• An alarm for Edge Datapath Mempool High is seen in the NSX UI relating to mempools pfa_ctx_pl3, pfa_key_ace_pl3, and pfa_attrconn_pl3.
• These specific mempools are related to Layer 7 Gateway Firewall rules.
• If the mempool usages approach 100% usage, the Layer 7 GFW rules stop being processed until the datapath is restarted.
• Additionally, DNS requests, which hit a L7 DNS rule, can be dropped when there was no free entry in either mempool.
• An Example of the alarm in the NSX UI (there are similar alarms for mempools pfa_key_ace_pl3 and pfa_ctx_pl3):

Edge Datapath Mempool High
nsx-edge-103
Transport Node
Medium
Dec 17, 2025, 12:17:51 PM
Open
Beginning of Expandable row content Screen reader table commands may not work for viewing expanded content, please use your screen reader's browse mode to read the content exposed by this button
Description:
The datapath mempool usage for pfa_attrconn_pl3 on Edge node <UUID> has reached 85% which is at or above the high threshold value of 85%.

Recommended Action:
Get the mempool usage using `get dataplane memory stats` CLI. 1. In case of high usage in malloc heap mempool, grep `malloc_heap` in the syslog file to get the pattern for increase in usage.

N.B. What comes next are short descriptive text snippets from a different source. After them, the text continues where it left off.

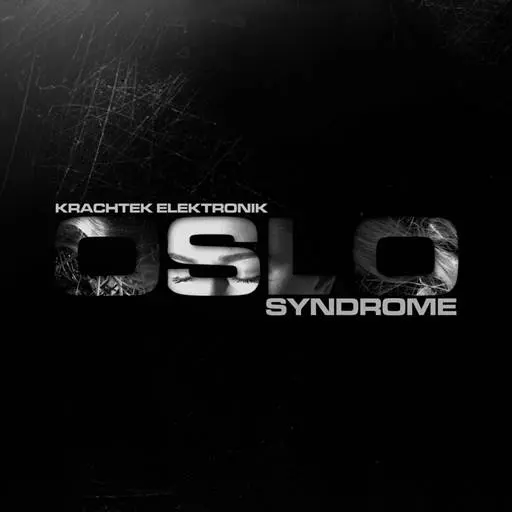 Krachtek Elektronik - Oslo Syndrome (2024)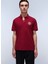 Napapıjrı Kırmızı E-Clanıs Ss Erkek T-Shirt NP0A4ID3R1E1 2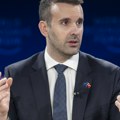 Spajić: Crna Gora ne učestvuje u programu slanja migranata iz Britanije na Balkan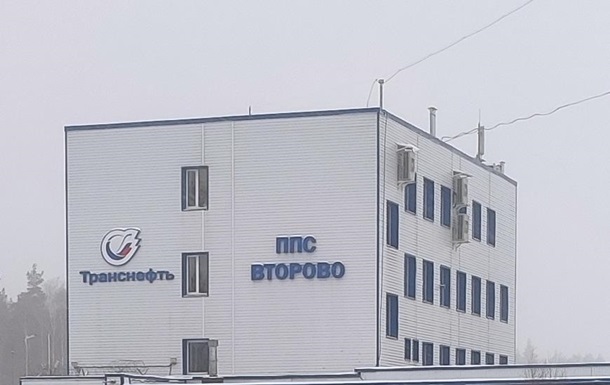 Подразделения Сил беспилотных систем поразили ППС Второво в РФ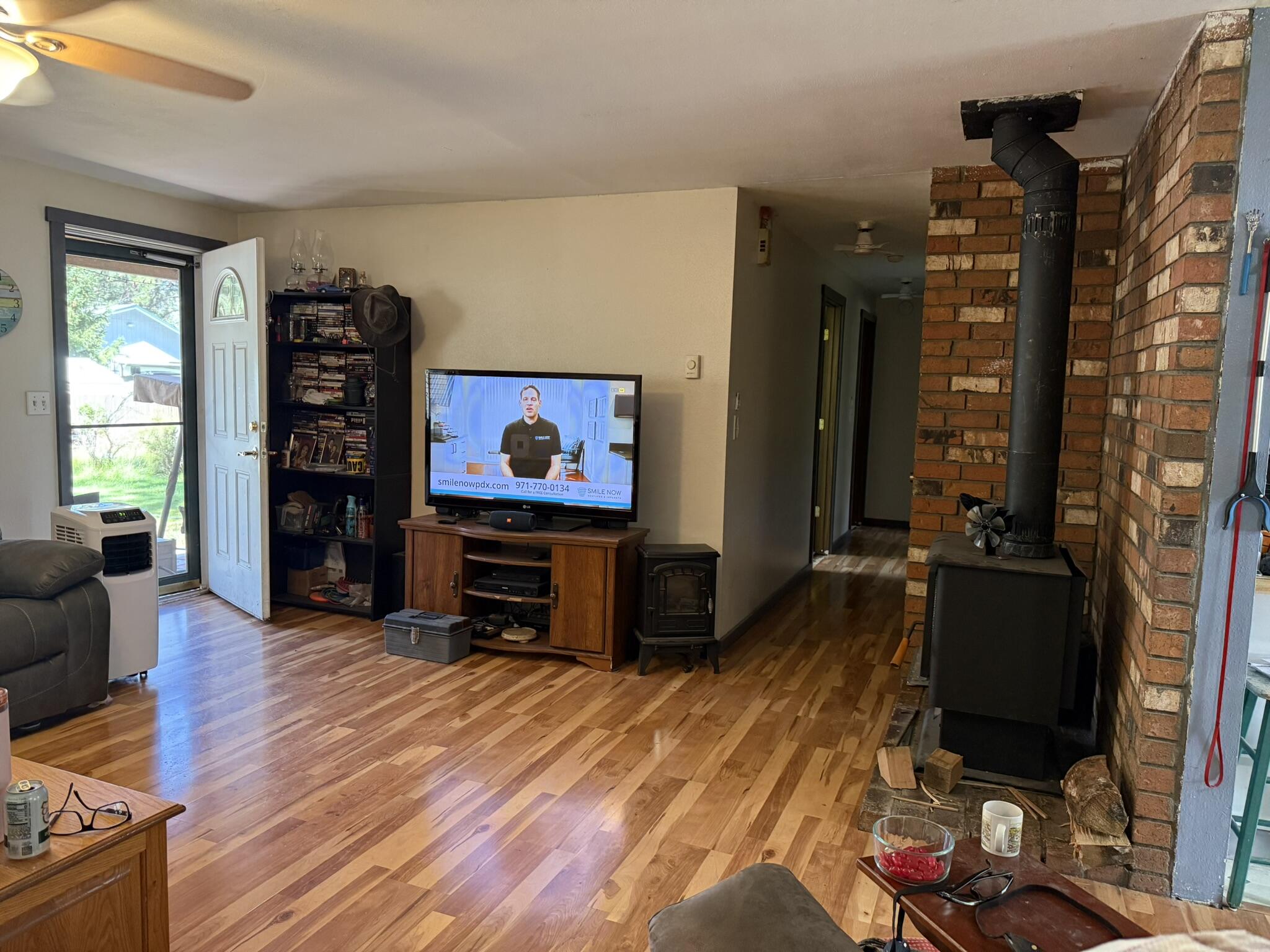 Deschutes RiverWoods - Residential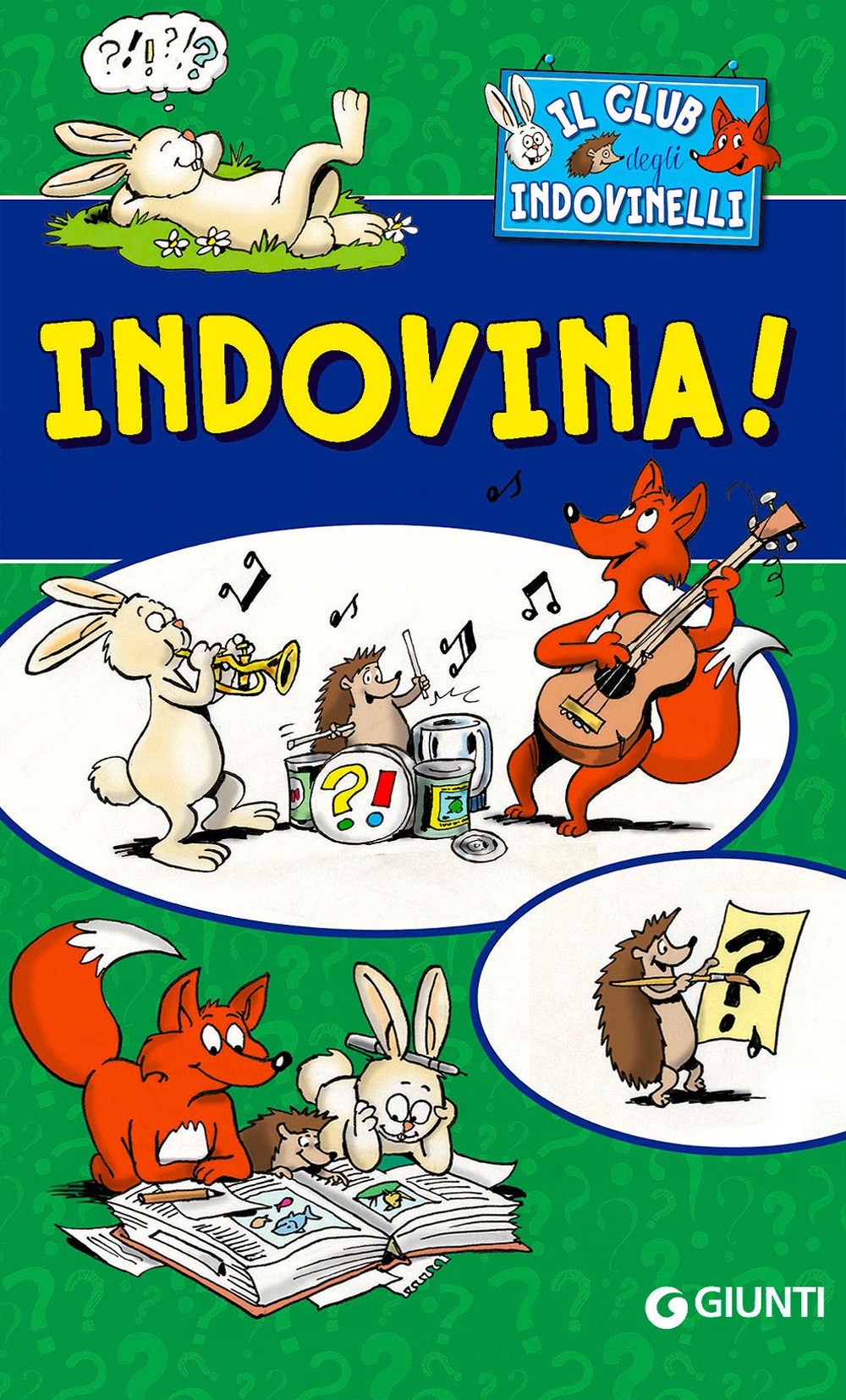 Indovina! Indovina!
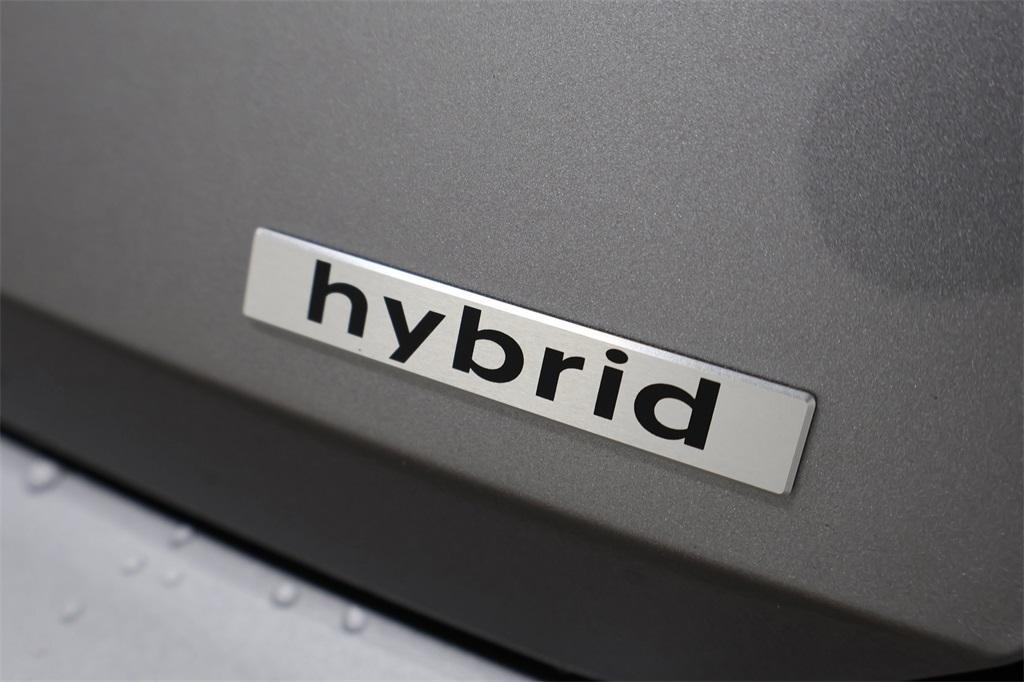 new 2025 Hyundai ELANTRA HEV car, priced at $28,466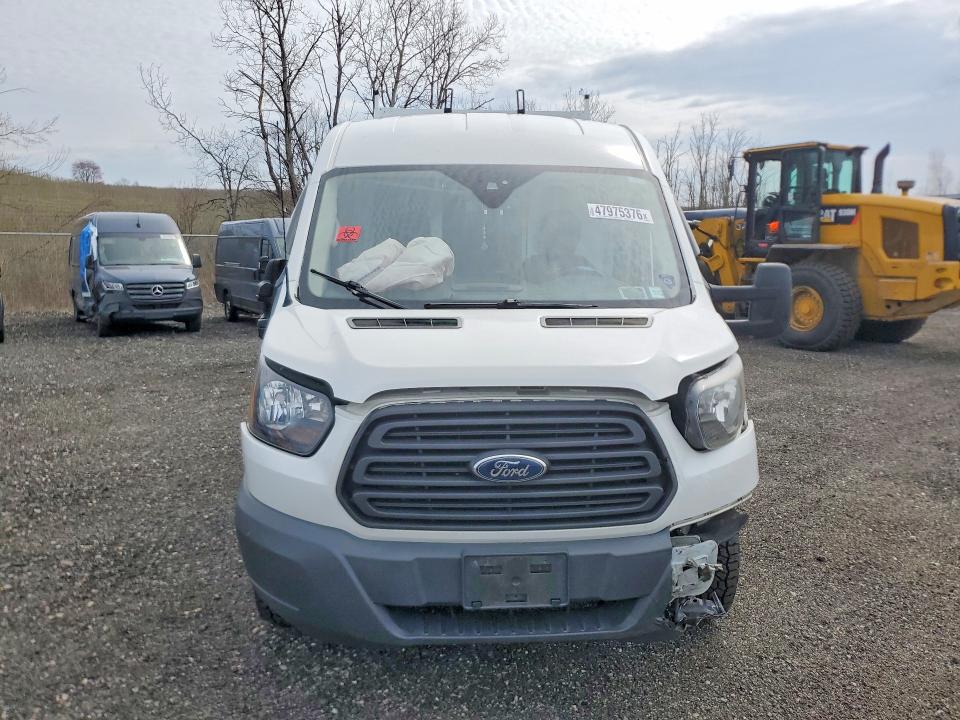 Auction sale of the 2017 Ford Transit, vin: 1FTBW2CM7HKA88255, lot number: 47975376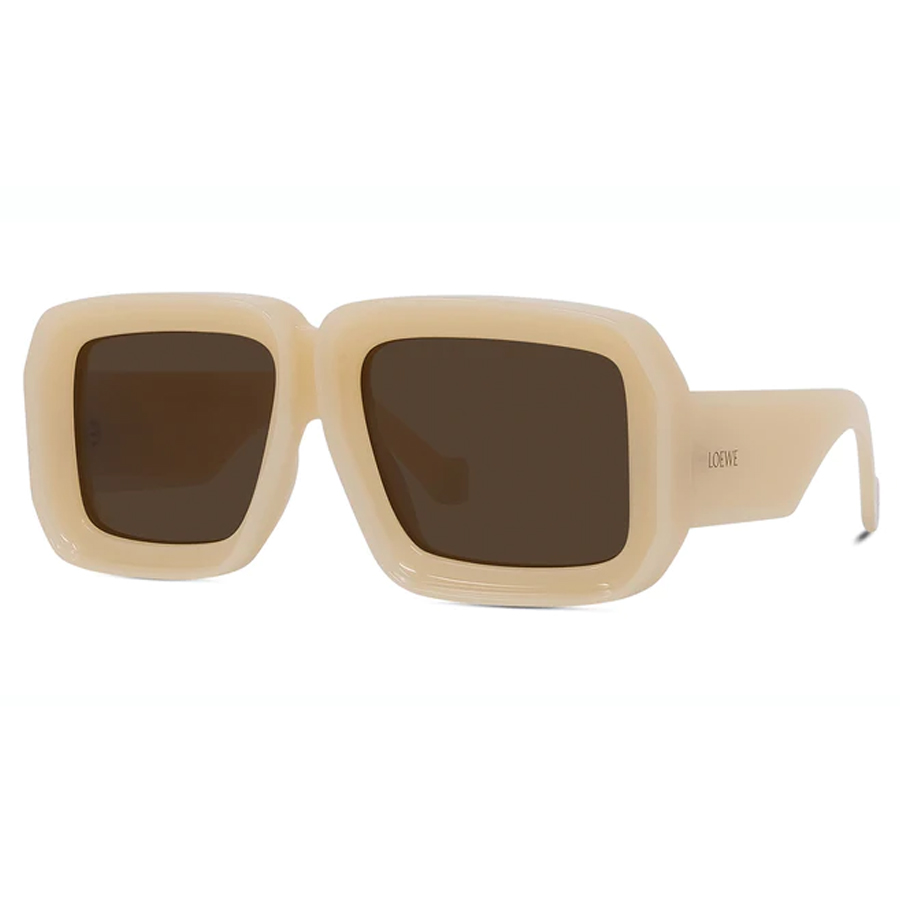 Kính Mát Loewe LW40064U 57E Màu Vàng - Duy Hoang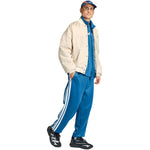 Men's adidas Stadium pants blue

If the free space is fairly consistent across all the logs, it just means high usage of malloc_heap and there wont be any functional or traffic disruption. 2. Firewall related mempool usage high means capacity is low. Move the Edge to a larger form factor or increase the number of Edge nodes in the Edge cluster. 3. Increase Edge form factor if alarm is raised after upgrading to a new configuration. View Knowledge Base  

• The mem_usage.json log contained in the /var/run/vmware/edge/ directory of the NSX edge node support bundle shows percent usage over 85%:

/var/run/vmware/edge/mem_usage.json
{"name": "pfa_attrconn_pl3", "description": "Stateful Service Attribute Connection Pool", "total": 442368, "used": 389690, "percent": 88.09},
{"name": "pfa_ctx_pl3", "description": "Stateful Service Context Pool", "total": 24576, "used": 21649, "percent": 88.09},
{"name": "pfa_key_ace_pl3", "description": "Stateful Service Integer Attribute Key Pool", "total": 65536, "used": 57731, "percent": 88.09}

VMware NSX

• This issue is found in NSX 4.2.x where L7 rules are configured on Edge nodes and FQDN Analysis is enabled
• Mempools pfa_ctx_pl3, pfa_key_ace_pl3, and pfa_attrconn_pl3 are not purged even after they are no longer needed (e.g. timestamp of mempool expired)

The issue is addressed in vDefend Firewall / NSX 4.2.4 and all subsequent versions released after 4.2.4.

If the memory pool usage continues to increase on the Active edge, follow the steps below :-

• During a maintenance window, fail over the Active edge
• Once that edge becomes the Standby edge, put it into NSX maintenance mode
• Reboot the Standby edge to clear the mempools
• Take the Standby edge back out of NSX maintenance mode.